Article Date:  Jun 19 2007

Taking the public route and going head-to-head with the City is a dream for many entrepreneurs. Aside from the potential financial rewards, it will be a rigorous test of your business acumen.

The Alternative Investment Market (AIM) continues to be the junior stock market of choice for ambitious companies from the UK and from around the world.

A total of 362 companies joined AIM in 2006, raising £9.4 billion. To put this figure in context, £10 billion was raised in the five years to December 2005. Of the aforementioned new issues, 281 were admitted following a fundraising and 81 joined via an introduction. These figures include 31 companies that transferred from the Official List of the London Stock Exchange, compared to 40 in 2005.

The average fundraising in 2006 was £33.47 million, a notable difference to the average of £16.78 million in 2005 and £4.64 million in 2001. The benefits of choosing the AIM route include significant tax breaks for investors and shareholders and cash-rich institutional investors (now in control of 56.7 per cent of AIM shares, as opposed to 35.2 per cent in 2005).

A freer spirit
While the regulations for listing on AIM have tightened, it remains closer to the spirit of the buccaneering entrepreneur than other markets, particularly in the US where the Sarbanes-Oxley Act continues to produce high compliance costs for CEOs and FDs. On AIM, one of the new requirements for its 1,645 companies is that you must have a website with good corporate information. It’s in stark contrast to the US where you can receive a hefty fine, bad PR or a prison sentence for a faulty compliance statement on internal controls.

In addition, AIM is a cheaper option when you put it next to going public on the Official List (you will spend between 8 and 12 per cent of the money you hope to raise on your nominated adviser, broker, accountant and lawyer). What is clear is that, whatever your reasons for considering a float, you can save time, money and anguish by studying the views of some of the most successful and experienced professionals advising companies on floating.

Among the winners of the 2007 Growth Company Awards (run by Growth Company Investor, a sister publication of GrowthBusiness.co.uk) are four firms well versed in steering companies onto the stockmarket. They have clear ideas about the steps you must take if you want to tap the investing public.

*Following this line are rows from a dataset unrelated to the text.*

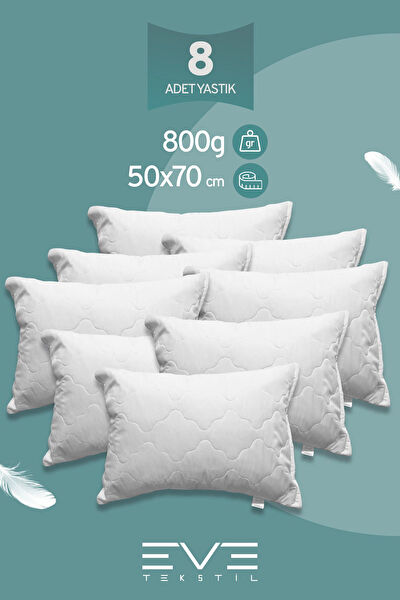 Eve Tekstil Silikon Yastık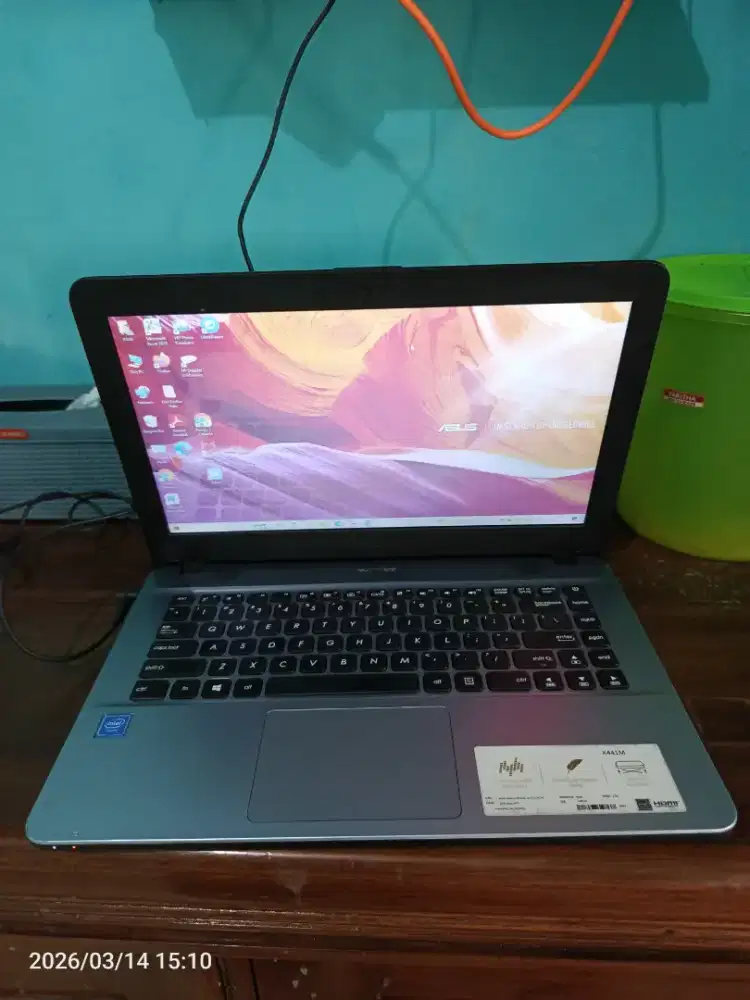 Laptop asus X441M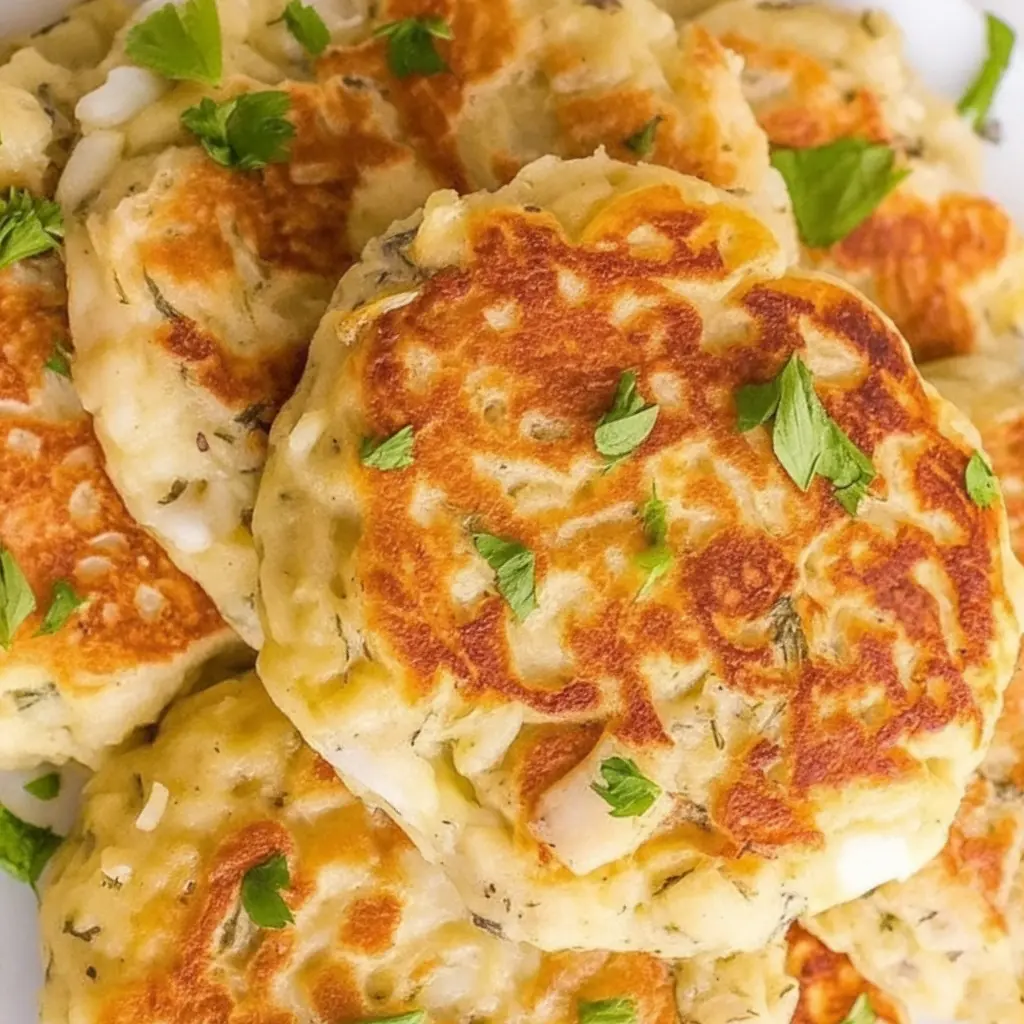 Potato Pancakes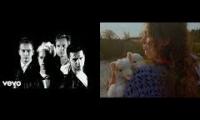 Thumbnail of Depeche Mode & Liana Flores - Enjoy the Silence & Rise the Moon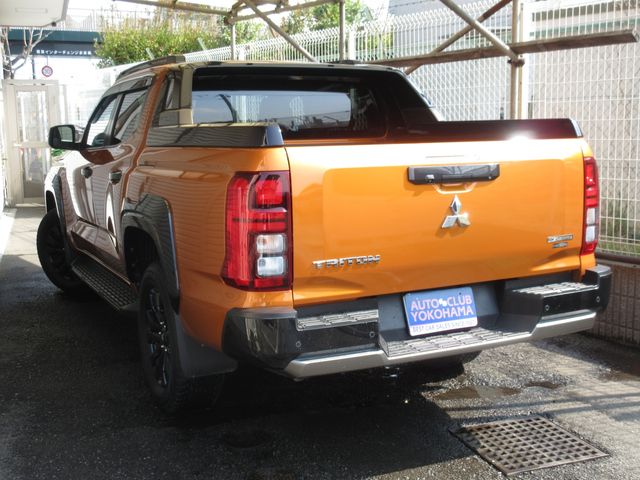 MITSUBISHI TRITON 2025 Image 31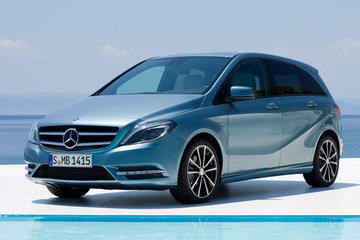 B-Klasse (W246)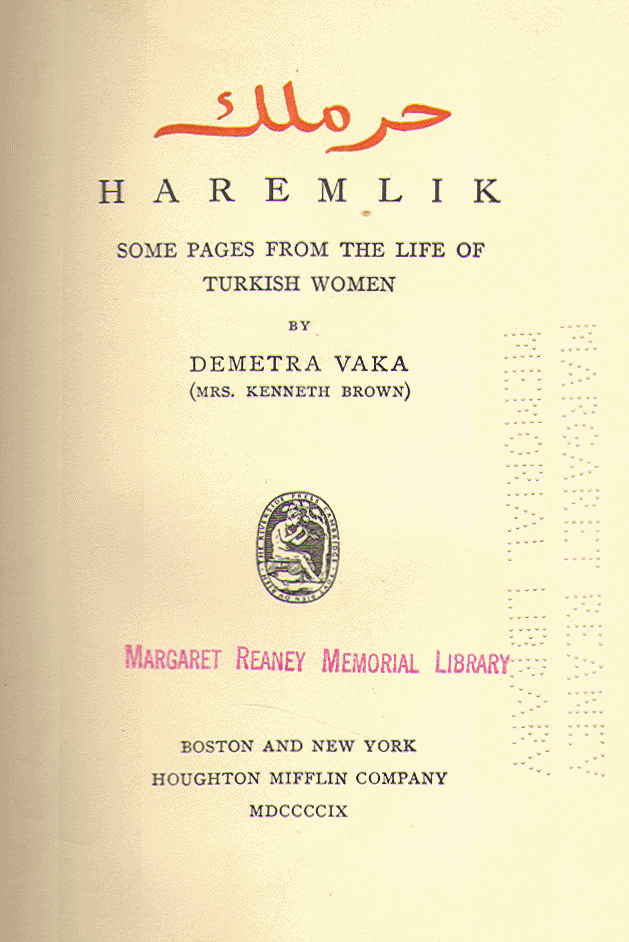 [Title Page]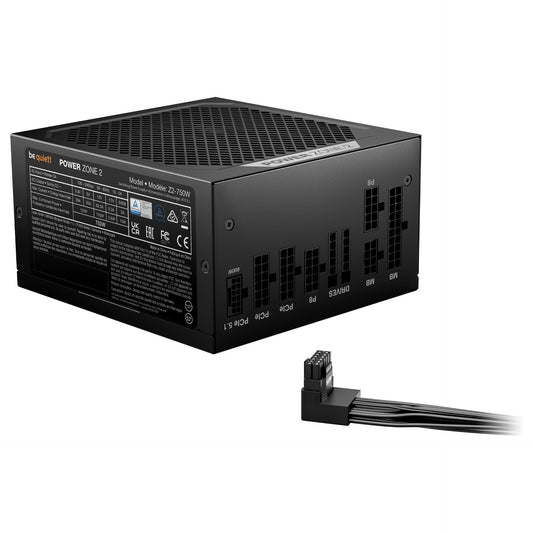 750W be quiet! Power Zone 2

Simon Hayes, chief executive officer of KBC Peel Hunt, which won AIM Adviser of the Year, says that you must establish the motives for going public: ‘If you see flotation as an exit, don’t do it. You mustn’t go in with the attitude: “What is the maximum I can realise here and now?” That’s a massive turn-off for investors.’

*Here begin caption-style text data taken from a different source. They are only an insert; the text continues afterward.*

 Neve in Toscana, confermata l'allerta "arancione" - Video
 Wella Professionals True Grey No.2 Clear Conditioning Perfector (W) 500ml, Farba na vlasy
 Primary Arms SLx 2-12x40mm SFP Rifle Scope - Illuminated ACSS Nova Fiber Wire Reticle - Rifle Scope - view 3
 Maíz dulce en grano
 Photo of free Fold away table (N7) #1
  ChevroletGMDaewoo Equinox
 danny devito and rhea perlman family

Rick Thompson, head of corporate finance at AIM Broker of the Year Charles Stanley, agrees: ‘If you want to cash in, go for a trade sale rather than a float.’

Selling it right
There are exceptions to this rule, says Thompson: ‘If you want to exit and pass the business on to dynamic young managers in a growth phase, that is a different proposition. Sometimes, if a dominant shareholder wants to retain good managers, he could consider backing a management buy-out, which could then be followed by a float.’

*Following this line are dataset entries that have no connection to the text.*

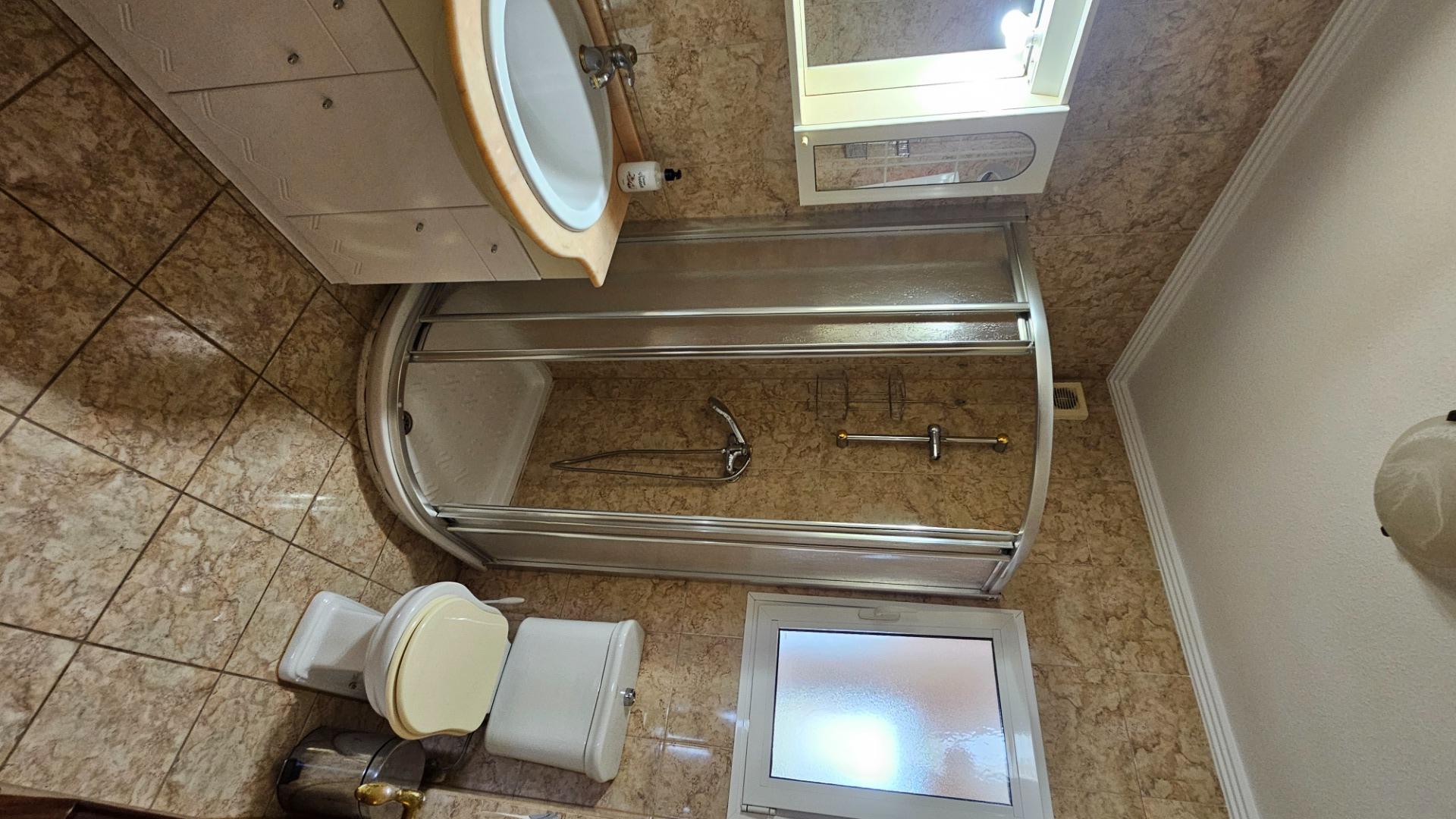 Kitchen in villa for sale in Torrevieja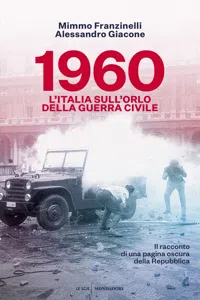 1960. L'Italia sull'orlo della guerra civile_cover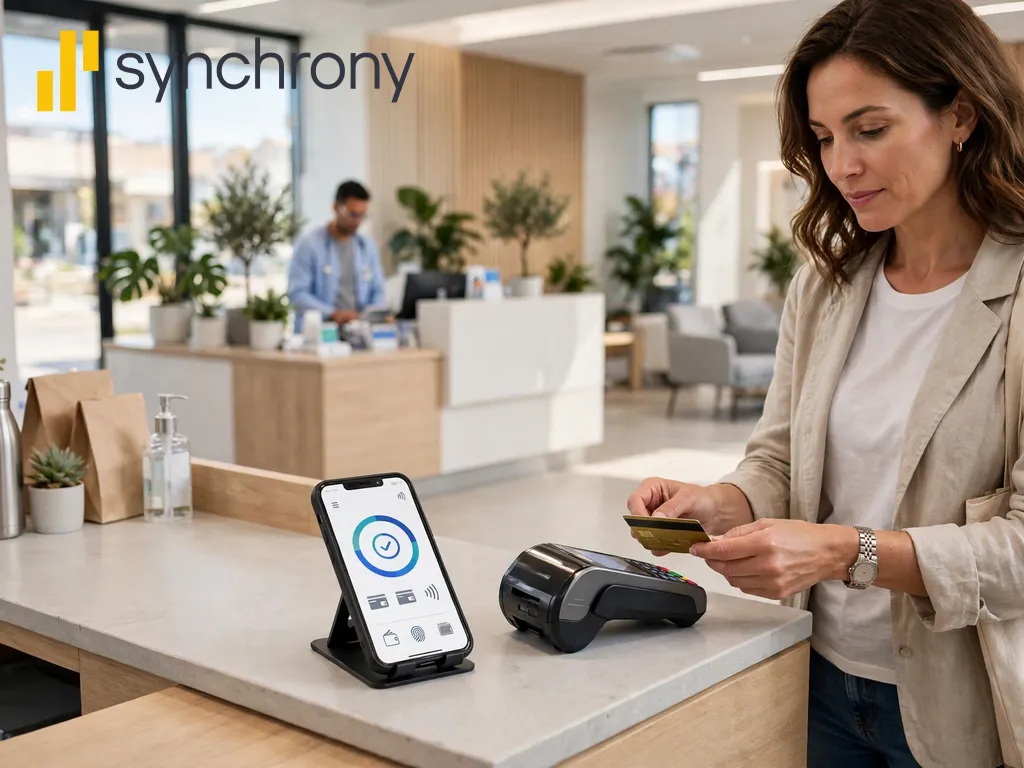 美国消费金融与联名信用卡龙头：同步金融 Synchrony Financial(SYF)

Chris Searle, corporate finance partner at BDO Stoy Hayward, which grabbed AIM Accountant of the Year and has handled more AIM floats since 2004 than any of its peers, has this advice: ‘If you want to grow your business, then it makes sense to consider a float and not think of selling more than a small part of your stake.

‘You should get the chance to sell some more later, when the company’s growth should have increased the price. If possible, you should have a good growth story to tell over the past three years and going forward too.’

Adam Hart, Hayes’ colleague at KBC Peel Hunt and chairman of the AIM Advisory Group, spells it out: ‘We are looking for management teams that see a float as supercharging their business with a useful dose of capital and corporate rigour.

‘Going public should provide an opportunity to run your business better. Any company coming to market should be thinking about acquisitions and funding for growth.’

As with anything in business, forward planning is crucial, notwithstanding AIM’s lighter regulatory touch. Thompson says, in terms of financial controls and corporate governance, it can take from 18 months to two years to put in place the changes necessary to make a private company suitable for flotation.

Hart observes: ‘Don’t just say: “We’ve had some good results, let’s float.” Sometimes private equity backers drive the process, but even then, management should not be passive.’

He suggests recruiting non-executive directors well ahead of flotation. Similarly, ‘shop around and pick your advisers with care. Don’t go down to the golf club and choose someone recommended there as “a jolly good chap”.’

Get it wrong and you will be punished. Recent losers in the AIM game include Chariot, the UK company behind new charities lottery Monday. Launched in April 2006, the lottery suffered disappointing sales and saw its share price crash nearly 100 per cent to 0.45p. Clearly some casualties will be bearing the brunt of downturns in their sectors, such as online gaming companies SportingBet and Leisure and Gaming, posting dips in share price of 89.72 per cent and 92.56 per cent respectively during the past 12 months.

When things go wrong
Business disasters outside your control can happen, but it makes sense when going public to have your wits about you. Thompson reflects that ‘some people are very naïve when coming to the City’, adding that some companies approach Charles Stanley through intermediaries that have lined their pockets with options or the like.

Fundamentally, if you do float, you need to fully appreciate that you will literally be in the public eye. Searle says: ‘You and your management team must be prepared for exposure to the glare of the public market, with results to announce every six months and anxieties over share price movements. You must have at least two non-executive directors on the board and you cannot run the company as a lifestyle business.’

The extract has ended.